In late October, some protestors came into confrontation with a crew of contractors hired by Kinder Morgan to do work at several sites on and around Burnaby Mountain. This led with startling rapidity to the lawsuit and an application to B.C. Supreme Court for an injunction barring protesters from several areas on and around the mountain.

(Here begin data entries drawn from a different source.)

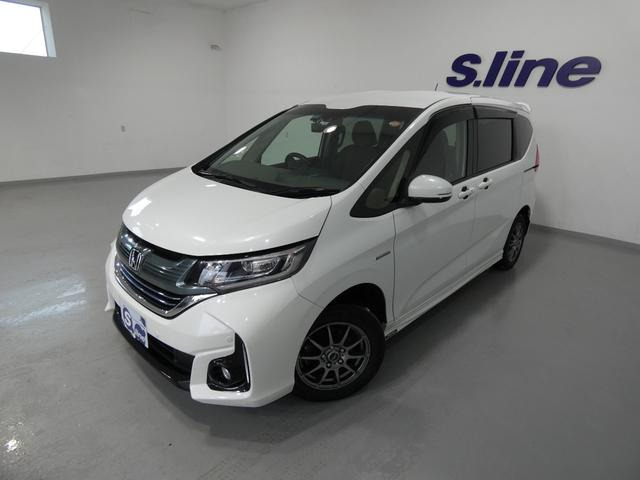 フリード1.5 ハイブリッド クロスター 4WD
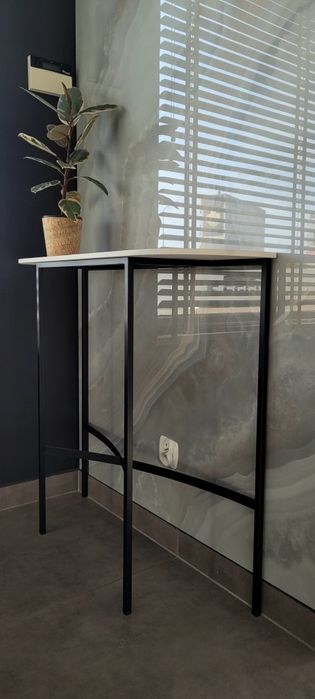 Konsola do przedpokoju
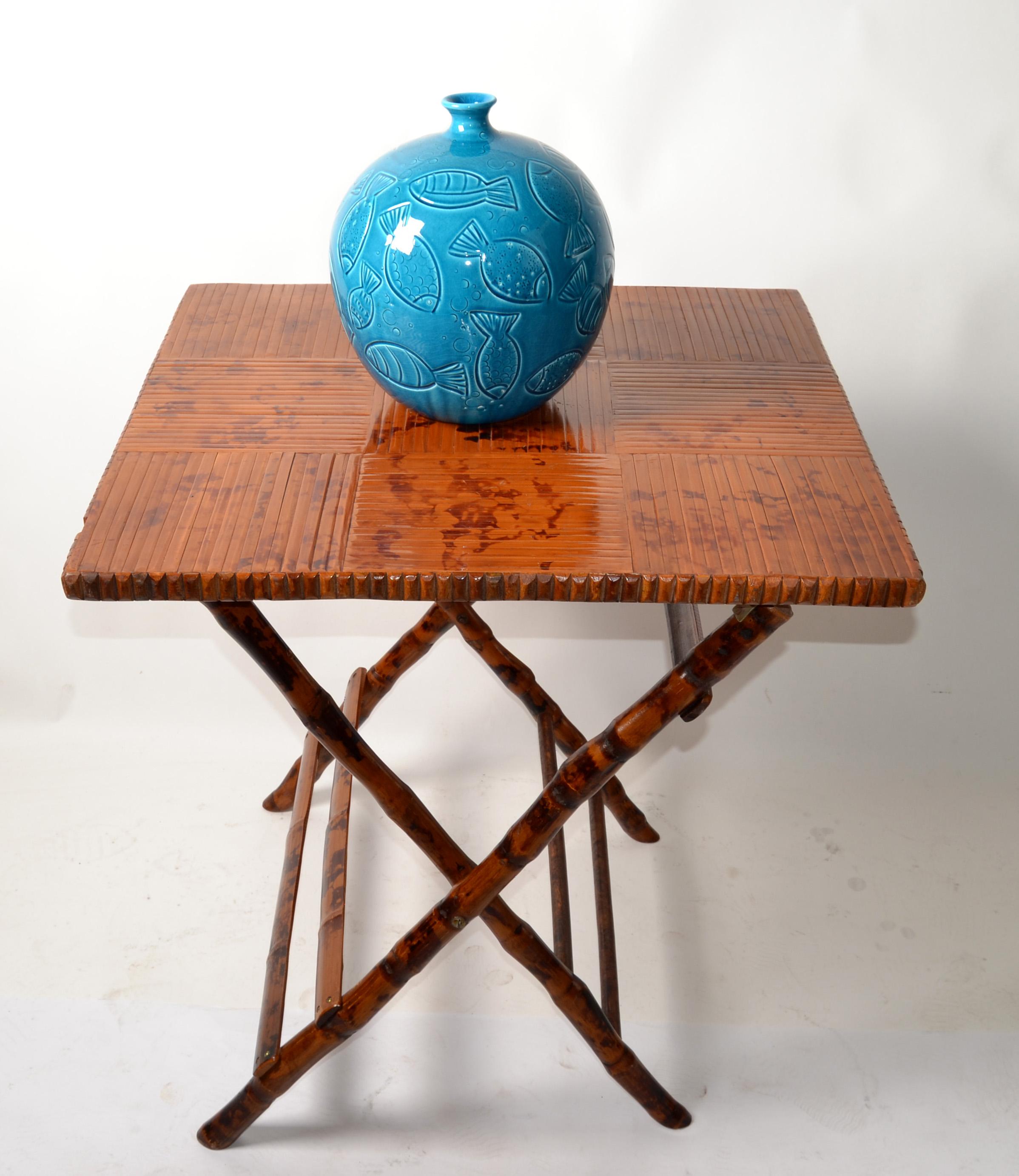 Américain Table de jeu pliante vintage carrée en bambou tigré, fabriquée à la main, avec base en X en vente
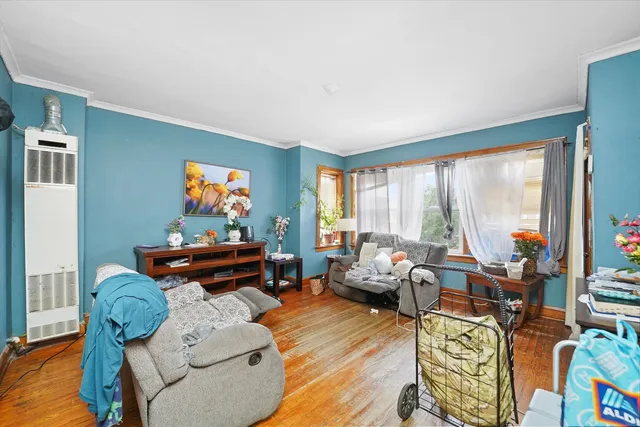 $424,000 | 4317 South Sawyer Avenue, Chicago, IL 60632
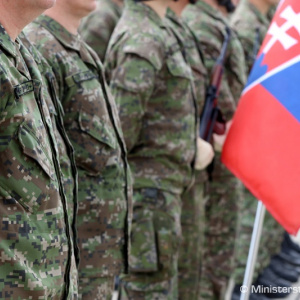 Minister Gajdoš odovzdal vojakom ďalšia dva vrtuľníky Black Hawk, využívať ich budú aj na pomoc v krízových situáciách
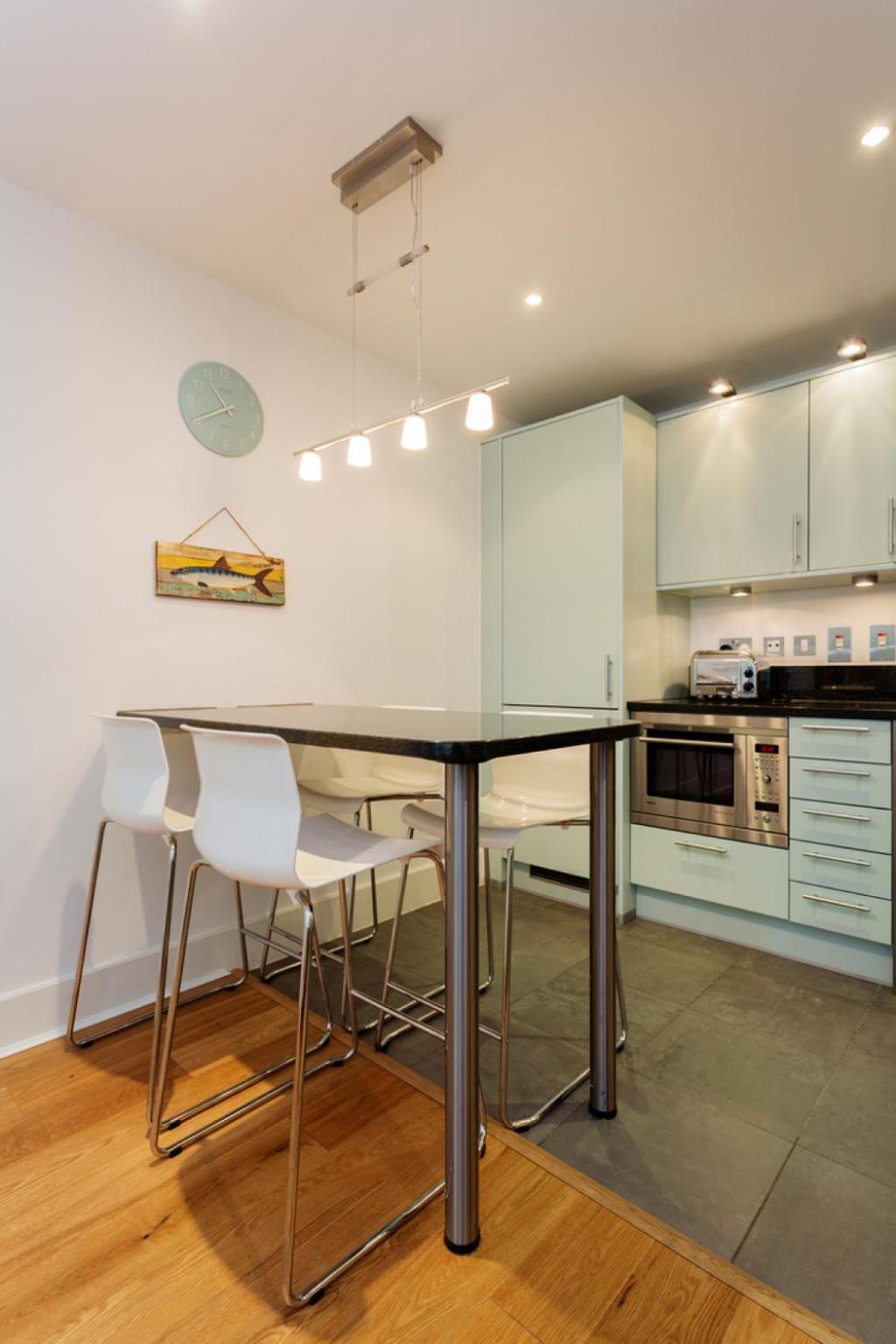 Veeve - Modernist Wharf Apartment ลอนดอน ภายนอก รูปภาพ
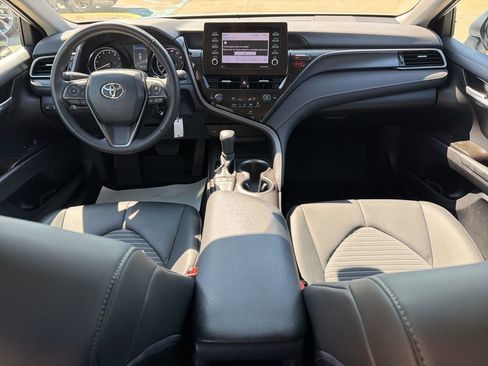 Used 2023 Toyota Camry SE FWD image 23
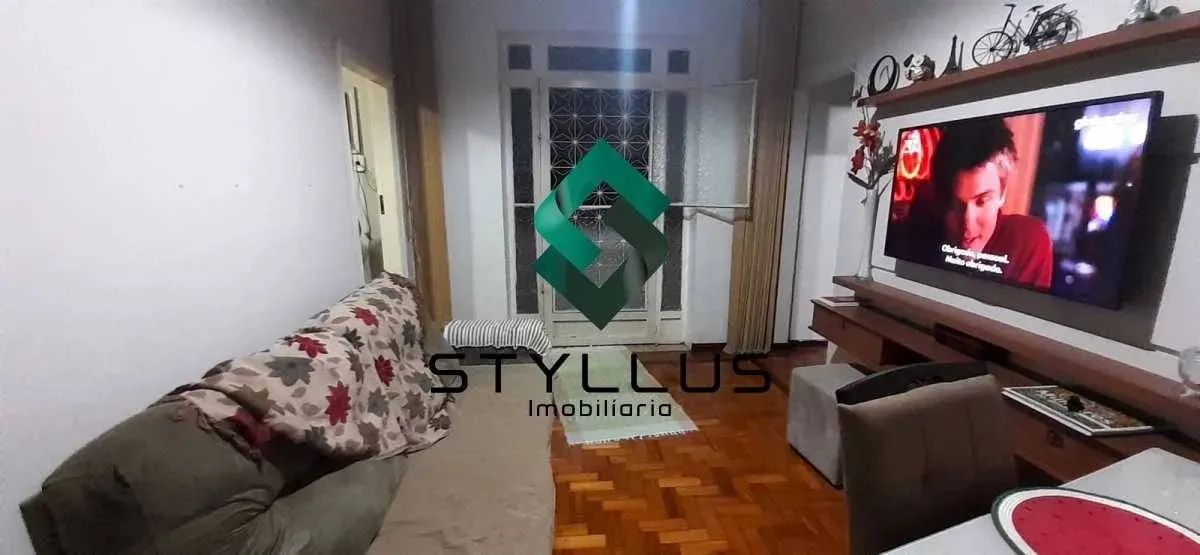 Apartamento em Rua Pernambuco - 60m² (Ref: C22101)
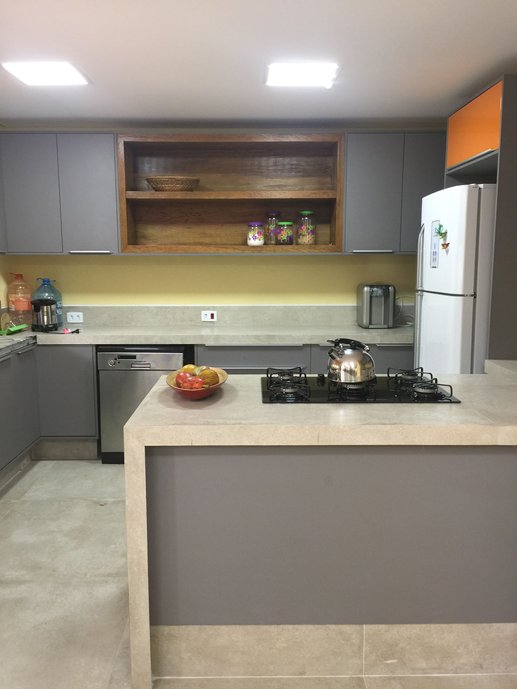 COZINHA COM PISO E BANCADA EM PORCELANATTO CONCRETISSIMA 0.90 X 0.90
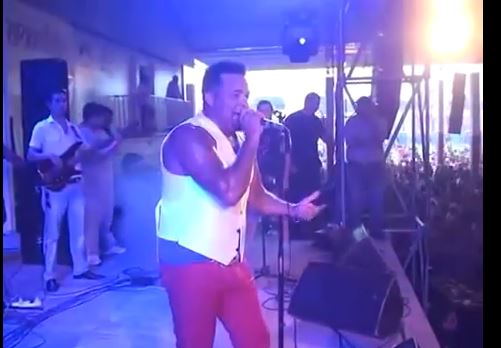 ΒΙΝΤΕΟ-Τραγουδιστής παθαίνει ηλεκτροπληξία στη σκηνή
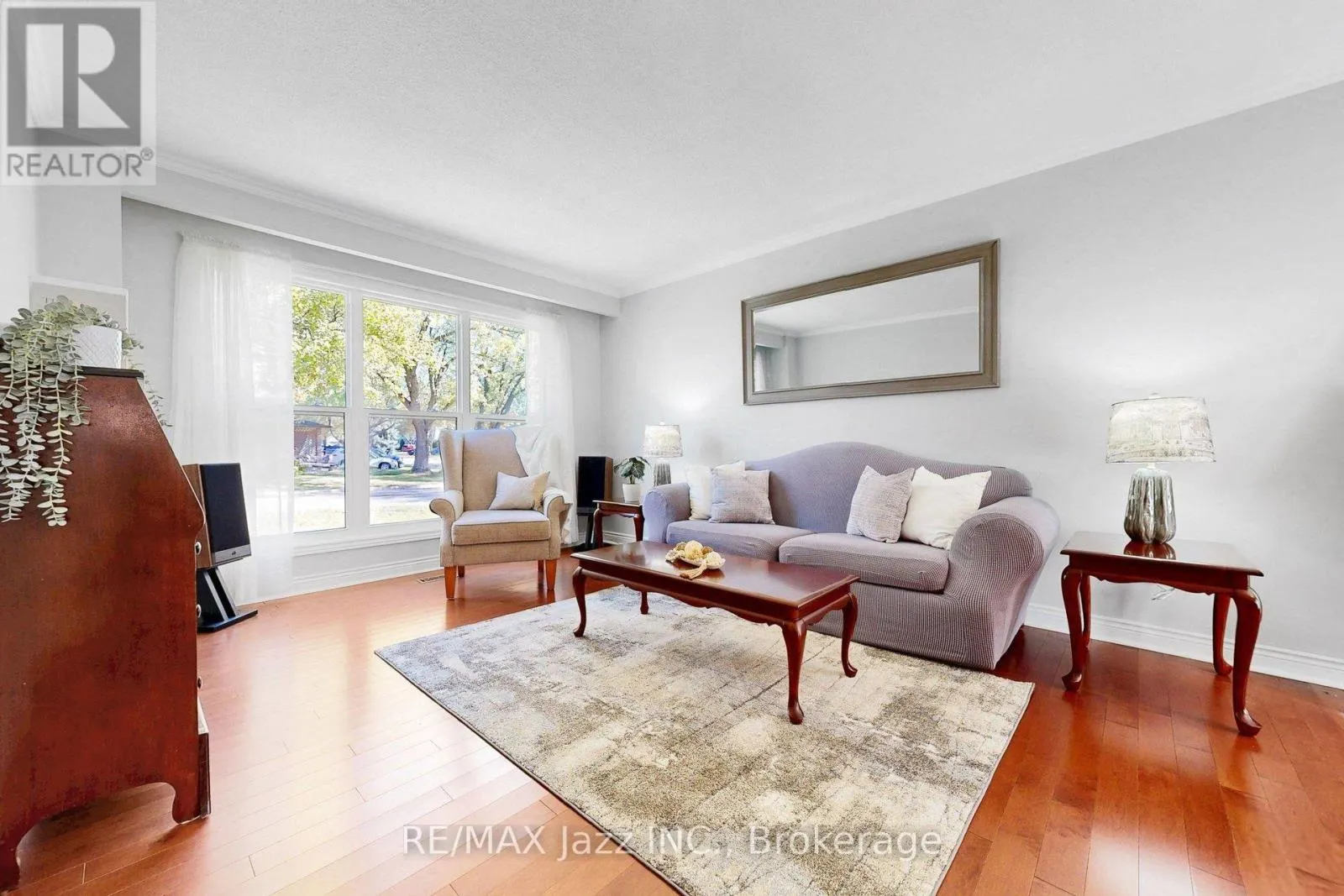 10 TRINITY CRESCENT
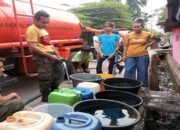 Terdampak Kekeringan, Pemko Padang Salurkan Ribuan Liter Air ke Ratusan KK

That injunction, which the B.C. Supreme Court did grant, gave birth to a pair of 24/7 work camps ringed by police. It also drew hundreds of protesters to the mountain day after day. Between November 19 and 27, over 100 people “crossed the line” into no-go zones ordered by the court and were arrested, only to have their contempt-of-court charges thrown out when Kinder Morgan revealed it had given the court the wrong GPS coordinates to designate the no-go zones.

Meanwhile, various other constitutional and procedural challenges to the Kinder Morgan project and to the NEB review process of it have been launched by the City of Vancouver, by the Tsleil-Waututh Nation, by a citizens group and by Robyn Allan, an economist and former president and CEO of the Insurance Corporation of BC who has become a formidable anti-pipeline crusader.

Dutton pledges to continuing the fight and is still committed to new anti-SLAPP-suit laws, “a fight both the BCCLA and West Coast Environmental Law have indicated they would support,” he said.

 

Gene McGuckin is a resident of Burnaby who worked for 29 years in a Burnaby paper recycling mill. He is a member or BROKE and of the Vancouver Ecosocialist Group.